Contractors and the U.S. Department of Justice filed extensive legal arguments in federal appeals court last week in a dispute over a Department of Energy liquid waste contract potentially worth $45 billion over a decade at the Hanford Site in Washington state.

Two teams, one headed by BWX Technologies and another by AtkinsRéalis Nuclear, have together with the government, filed more than 150 pages of legal papers with the U.S. Court of Appeals for the Federal Circuit, since March 18.

The losing bidder — both in the original April 2023 award and the agency’s more recent Feb. 29 re-award — is Hanford Tank Disposition Alliance. The Alliance is a team of Atkins, Jacobs and Westinghouse. 

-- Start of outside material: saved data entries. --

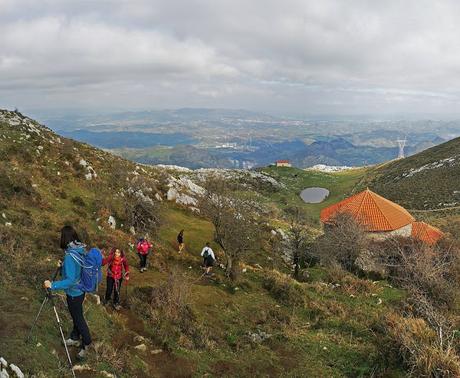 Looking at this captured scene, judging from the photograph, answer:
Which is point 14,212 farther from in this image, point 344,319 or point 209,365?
point 344,319

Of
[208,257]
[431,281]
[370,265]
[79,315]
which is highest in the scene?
[79,315]

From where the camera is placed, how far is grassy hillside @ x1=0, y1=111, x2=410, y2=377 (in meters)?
10.3

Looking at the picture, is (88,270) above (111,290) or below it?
above

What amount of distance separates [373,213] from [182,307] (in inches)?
1220

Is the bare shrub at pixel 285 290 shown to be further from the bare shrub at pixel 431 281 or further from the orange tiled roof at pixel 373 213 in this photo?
the orange tiled roof at pixel 373 213

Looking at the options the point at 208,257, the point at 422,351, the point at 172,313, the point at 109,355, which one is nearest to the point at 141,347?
the point at 109,355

In its March 18 filing, the Atkins team says U.S. Court of Federal Claims Judge Marian Blank Horn was correct in ruling  last June that BWXT-led Hanford Tank Waste Operations & Closure was ineligible for the contract due to failure to stay registered in a federal procurement tracking system. The legal dispute concerns only the first DOE award from 2023, not the re-award from last month.

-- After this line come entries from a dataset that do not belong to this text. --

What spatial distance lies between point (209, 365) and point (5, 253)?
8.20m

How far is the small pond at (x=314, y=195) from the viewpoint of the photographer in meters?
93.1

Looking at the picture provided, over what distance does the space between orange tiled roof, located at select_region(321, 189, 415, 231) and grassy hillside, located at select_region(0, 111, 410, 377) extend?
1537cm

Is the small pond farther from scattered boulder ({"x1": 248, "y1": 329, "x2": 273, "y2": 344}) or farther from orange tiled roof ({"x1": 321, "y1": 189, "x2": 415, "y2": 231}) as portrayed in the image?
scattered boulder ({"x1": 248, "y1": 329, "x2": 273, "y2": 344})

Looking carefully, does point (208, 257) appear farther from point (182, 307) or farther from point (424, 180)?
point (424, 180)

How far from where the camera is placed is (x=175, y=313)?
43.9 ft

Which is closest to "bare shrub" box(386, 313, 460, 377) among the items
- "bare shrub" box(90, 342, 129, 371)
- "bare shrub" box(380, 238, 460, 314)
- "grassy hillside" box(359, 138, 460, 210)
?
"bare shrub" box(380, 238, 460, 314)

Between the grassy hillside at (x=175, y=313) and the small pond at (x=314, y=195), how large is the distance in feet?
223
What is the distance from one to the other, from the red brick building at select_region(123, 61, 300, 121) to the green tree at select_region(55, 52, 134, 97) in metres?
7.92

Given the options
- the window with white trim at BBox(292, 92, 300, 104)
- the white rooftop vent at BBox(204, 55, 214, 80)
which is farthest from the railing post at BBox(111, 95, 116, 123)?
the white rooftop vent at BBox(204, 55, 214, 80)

DOE on Feb. 29 announced it would re-award the Hanford Integrated Tank Disposition Contract to the BWX Technologies-led group, Hanford Tank Waste Operations & Closure. The joint venture, which also includes Amentum and Fluor, has in past filings said its failure to stay registered with the System for Award Management (sam.gov) is a mere technical error and not a fatal flaw.

A DOE contracting officer in October 2023 agreed the lapse in registration was a fixable mistake.

“DOE’s evaluation of the two proposals was very close,” said the AtkinsRéalis-led group.  The actual contract prices are confidential, according to the filing. But the Court of Federal Claims “has already correctly determined that HTDA [Hanford Tank Disposition Alliance] succeeded on the merits, according to the Alliance.

The AtkinsRéalis-led group goes on to say it “would lose the reasonable opportunity to compete fairly for the contract” if BWXT-led Hanford Tank Waste Operations and Closure is allowed to keep the liquid waste contract.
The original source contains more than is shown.